## Brief
When you reach the line with "Póster de Blattaria" in the records below, begin transcribing exactly and continue up to and including the line with "A Bangkok Journey Hostel", leaving out every picture.

## Data for processing

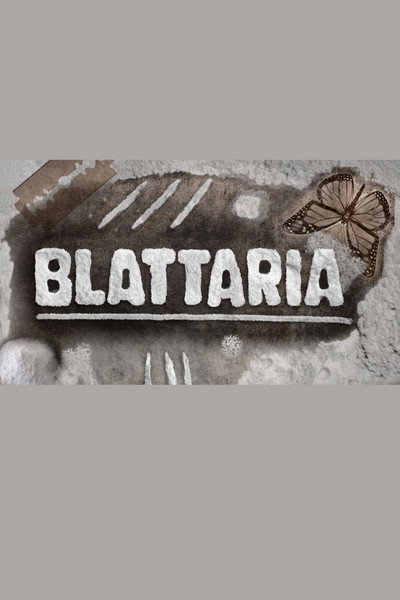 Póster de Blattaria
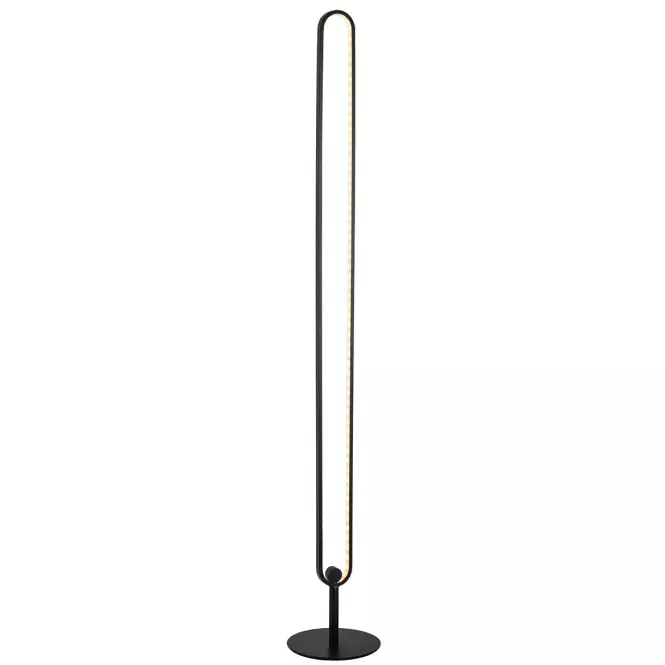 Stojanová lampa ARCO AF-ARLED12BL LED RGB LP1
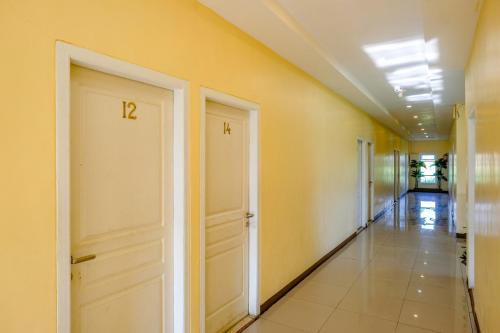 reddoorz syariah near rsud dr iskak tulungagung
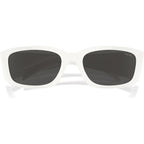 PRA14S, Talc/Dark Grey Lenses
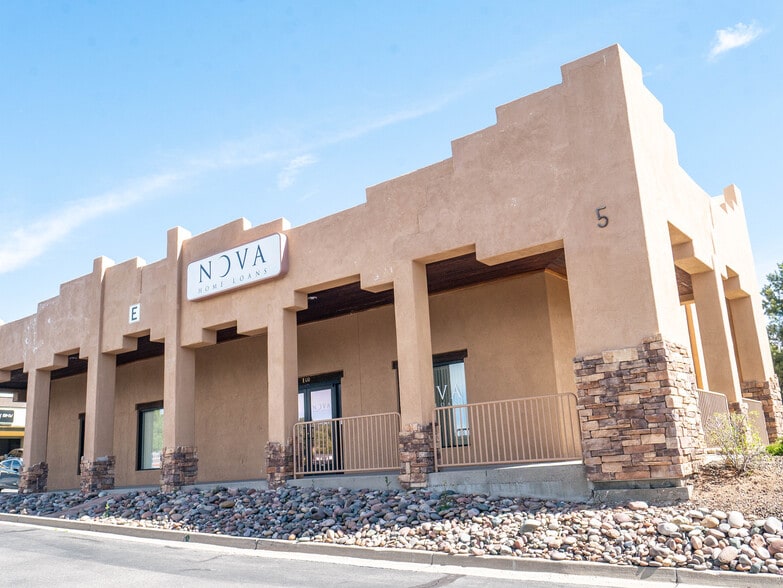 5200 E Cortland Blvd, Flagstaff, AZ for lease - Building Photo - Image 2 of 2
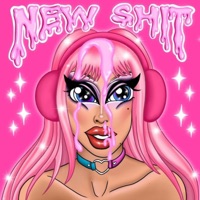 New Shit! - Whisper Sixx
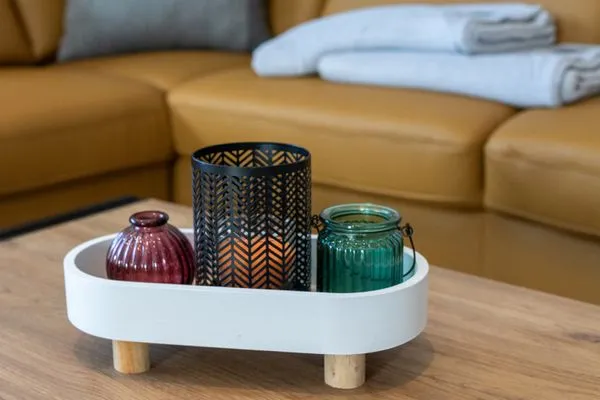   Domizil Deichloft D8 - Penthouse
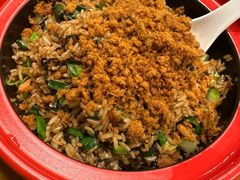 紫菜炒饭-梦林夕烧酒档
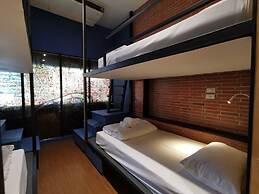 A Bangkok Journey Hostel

---

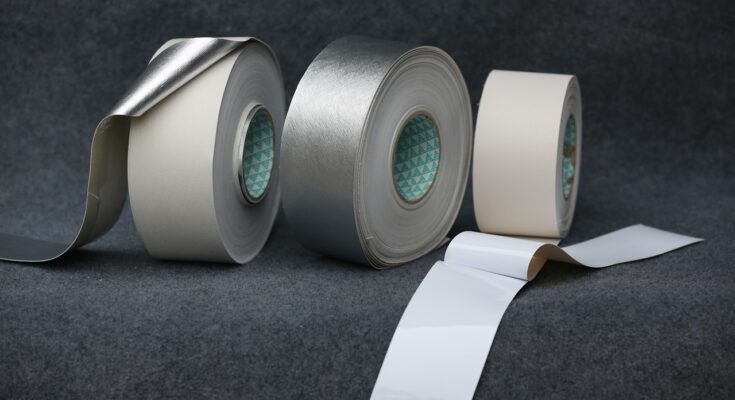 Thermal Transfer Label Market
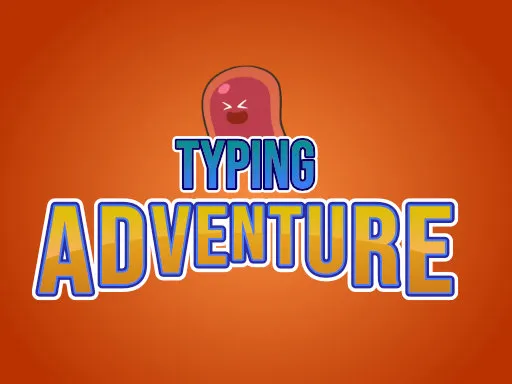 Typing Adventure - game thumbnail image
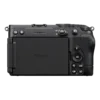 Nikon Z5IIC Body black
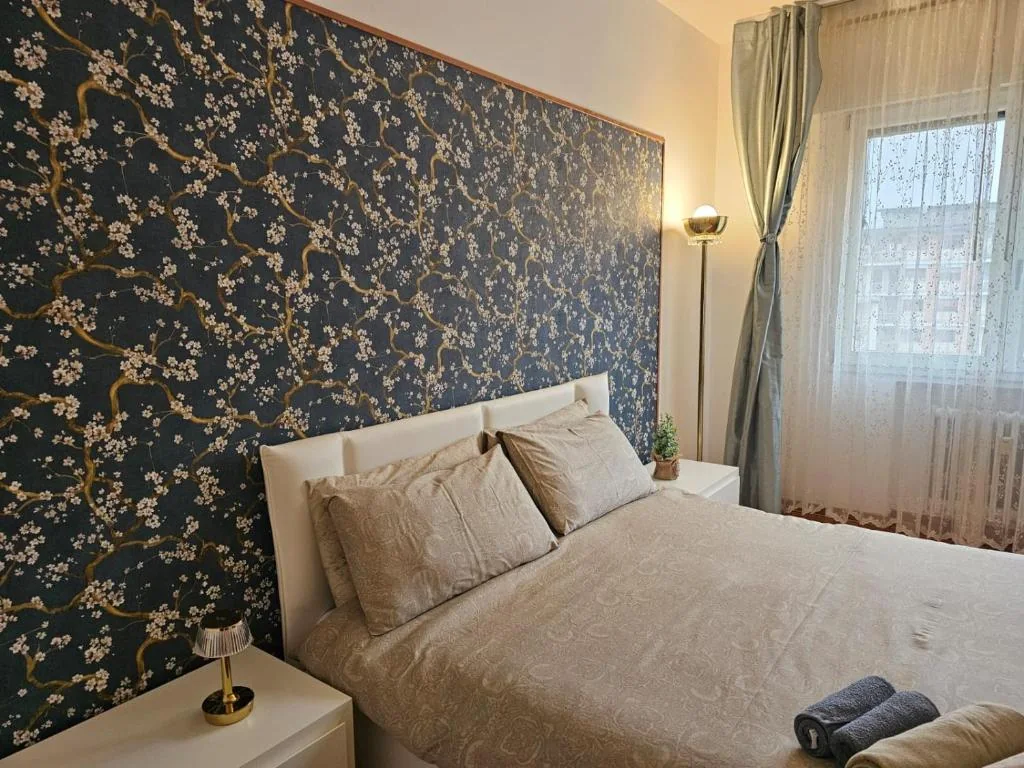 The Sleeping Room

## Task result
 Póster de Blattaria
 Stojanová lampa ARCO AF-ARLED12BL LED RGB LP1
 reddoorz syariah near rsud dr iskak tulungagung
 PRA14S, Talc/Dark Grey Lenses
 5200 E Cortland Blvd, Flagstaff, AZ for lease - Building Photo - Image 2 of 2
 New Shit! - Whisper Sixx
   Domizil Deichloft D8 - Penthouse
 紫菜炒饭-梦林夕烧酒档
 A Bangkok Journey Hostel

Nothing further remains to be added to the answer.